Als die Ermittler auf Lächert stoßen, soll sie sich in einer Spielwarenfabrik verdingt haben, andere Quellen erwähnen, dass sie in einem Bordell als Putzfrau arbeitet.

Im Düsseldorfer Prozess wird sie von einem stramm rechten Anwalt verteidigt. Der Advokat lehnt einen Gutachter ab, weil dieser bei einem jüdischen Professor promoviert hat. Als eine KZ-Überlebende vor Gericht schildert, wie sie für die SS einen Behälter Zyklon B zu den Gaskammern tragen musste, fordert er die Festnahme der Zeugin - wegen Beihilfe zum Mord.

Fünf Jahre dauert der Prozess. In der Zeit kandidiert die Angeklagte erfolglos auf der Liste einer rechtsextremen Kleinpartei bei den Europawahlen. Im Gericht beklagt sie ihr schweres Leben im Lager: "Vor allen Dingen war es so ein Schmutz, wenn es regnete und so weiter", sagt sie einmal: "Es war ja Lehmboden dort. Wir konnten kaum gehen."

Hunderte Zeugen werden gehört, die meisten sind Überlebende der Shoah. Sie kannten Lächert damals nicht beim Namen, die Aufseher haben sich nicht mit Namen vorgestellt. Aber die gepeinigten Menschen kannten die "blutige Brygida", die getreten hat und die Peitsche schwang und gerne aufs Pferd stieg.

Viele spezifische Grausamkeiten werden mit dieser SS-Aufseherin verbunden - aber ist die Frau auf der Anklagebank tatsächlich die "blutige Brygida"?

Lächert selbst zeigt kein Mitgefühl oder gar Reue während des Prozesses. Ungerührt hört sie sich die Ausführungen der Zeugen an. Manchmal schreibt sie mit.

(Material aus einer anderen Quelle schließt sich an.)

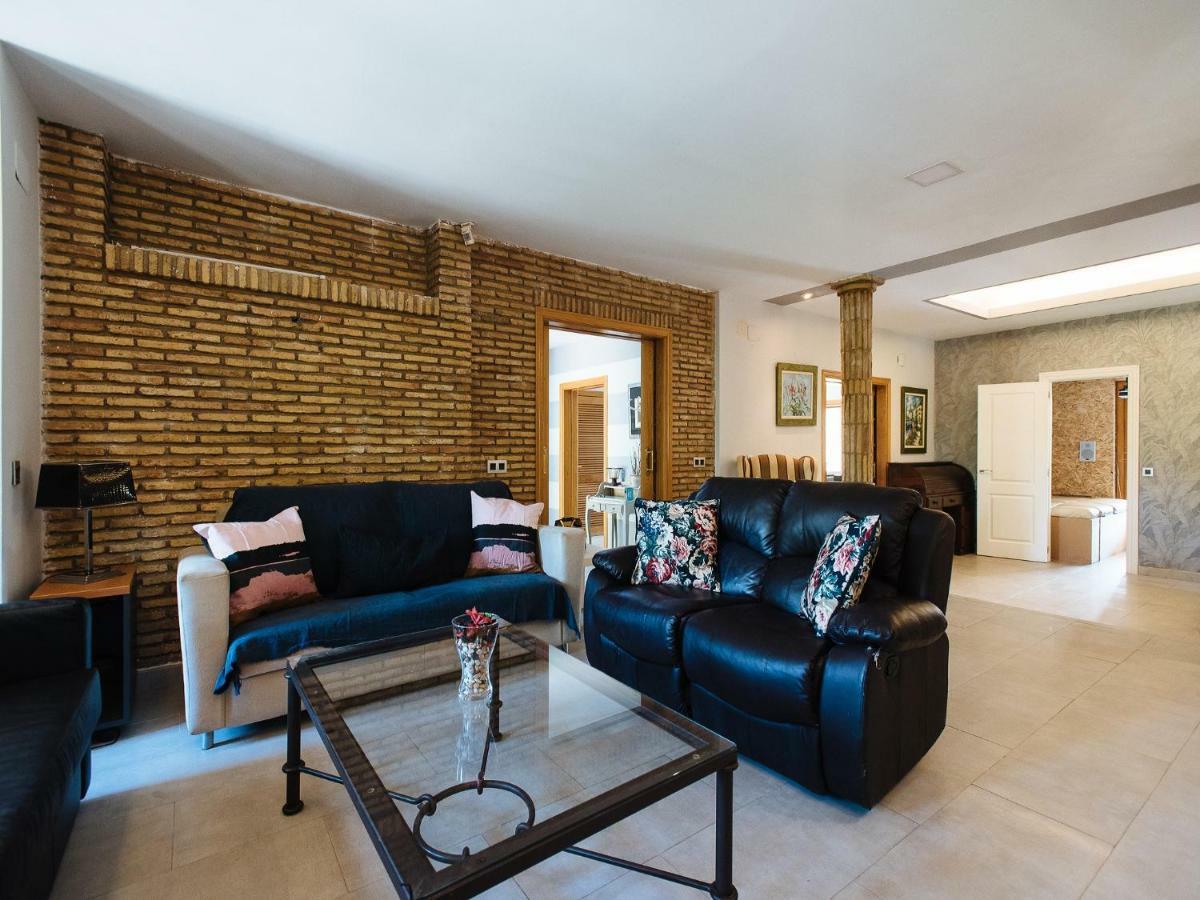 Divi Apartments Villa Reyes Майрена-дель-Альхарафе Екстер'єр фото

Aber ihr Körper reagiert auf die Konfrontation mit der Vergangenheit: Auf ihrer Haut bilden sich größere dunkle Stellen. Nach dem Prozess sollen die Male verschwunden sein.

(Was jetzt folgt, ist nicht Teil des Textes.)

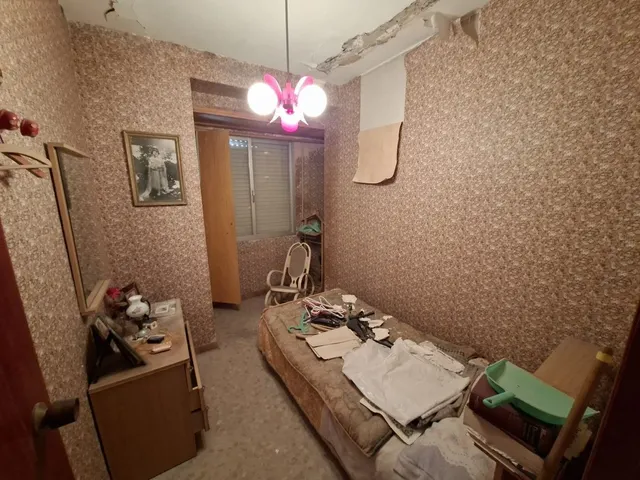 OPORTUNIDAD – CASA ESQUINERA PARA REFORMAR — 17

Lächert hat vor Prozessbeginn über einen Theologiestudenten das US-Militär kontaktiert. Wenn man ihr nicht helfe, dann erzähle sie "die ganze Geschichte" mit der CIA, droht sie. Der Geheimdienst scheint zu reagieren und Lächert packt im Prozess nicht aus.

Sie rechnet offenbar mit einem harten Urteil, vielleicht sogar lebenslänglich. Schon vor dem Urteil wünscht sie sich eine Inhaftierung in Heidelberg - mit Blick auf das Schloss.

Doch es kommt anders. 1981 fallen die Urteile, Lächert wird der gemeinschaftlichen Beihilfe zum Mord an mindestens hundert Menschen schuldig gesprochen. Sie erhält eine Haftstrafe von zwölf Jahren. Zu mehr reicht es nicht, denn der Einzeltatnachweis fehlt. Es ist unklar, ob wirklich sie die "blutige Brygida" ist, die Sadistin, die auf dem Pferd durchs KZ ritt.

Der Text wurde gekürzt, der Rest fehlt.